Dataset excerpts
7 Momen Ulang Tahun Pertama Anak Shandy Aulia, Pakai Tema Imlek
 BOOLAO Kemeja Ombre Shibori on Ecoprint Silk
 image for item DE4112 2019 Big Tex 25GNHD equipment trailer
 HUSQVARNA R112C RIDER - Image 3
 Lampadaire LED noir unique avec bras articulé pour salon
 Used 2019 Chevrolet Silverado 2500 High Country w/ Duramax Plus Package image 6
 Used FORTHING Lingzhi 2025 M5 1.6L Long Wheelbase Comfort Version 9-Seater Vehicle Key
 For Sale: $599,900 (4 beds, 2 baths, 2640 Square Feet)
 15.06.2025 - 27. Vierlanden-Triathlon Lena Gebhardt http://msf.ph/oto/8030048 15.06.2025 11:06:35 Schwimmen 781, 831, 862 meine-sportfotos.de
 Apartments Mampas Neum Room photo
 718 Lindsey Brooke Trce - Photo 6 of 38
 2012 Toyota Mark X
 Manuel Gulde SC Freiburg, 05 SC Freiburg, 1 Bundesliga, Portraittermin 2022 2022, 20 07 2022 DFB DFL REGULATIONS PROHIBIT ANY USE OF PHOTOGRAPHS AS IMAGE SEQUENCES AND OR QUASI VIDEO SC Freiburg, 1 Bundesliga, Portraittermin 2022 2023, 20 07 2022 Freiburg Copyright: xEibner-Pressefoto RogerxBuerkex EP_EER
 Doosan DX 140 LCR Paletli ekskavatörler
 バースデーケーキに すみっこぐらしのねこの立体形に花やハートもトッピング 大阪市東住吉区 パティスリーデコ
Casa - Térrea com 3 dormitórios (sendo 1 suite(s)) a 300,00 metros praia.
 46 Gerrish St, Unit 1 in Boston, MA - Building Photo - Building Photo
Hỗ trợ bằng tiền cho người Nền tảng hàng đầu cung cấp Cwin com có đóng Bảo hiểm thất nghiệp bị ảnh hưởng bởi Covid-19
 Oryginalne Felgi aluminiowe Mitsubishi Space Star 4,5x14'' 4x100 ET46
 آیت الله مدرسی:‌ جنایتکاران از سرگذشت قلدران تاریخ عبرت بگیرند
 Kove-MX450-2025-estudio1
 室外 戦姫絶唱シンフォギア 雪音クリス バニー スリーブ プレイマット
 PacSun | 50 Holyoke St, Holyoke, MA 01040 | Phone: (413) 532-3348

Required action
Set down exactly the line that holds "Oryginalne Felgi aluminiowe" and all lines after it to the end of the data.

Answer to the problem
 Oryginalne Felgi aluminiowe Mitsubishi Space Star 4,5x14'' 4x100 ET46
 آیت الله مدرسی:‌ جنایتکاران از سرگذشت قلدران تاریخ عبرت بگیرند
 Kove-MX450-2025-estudio1
 室外 戦姫絶唱シンフォギア 雪音クリス バニー スリーブ プレイマット
 PacSun | 50 Holyoke St, Holyoke, MA 01040 | Phone: (413) 532-3348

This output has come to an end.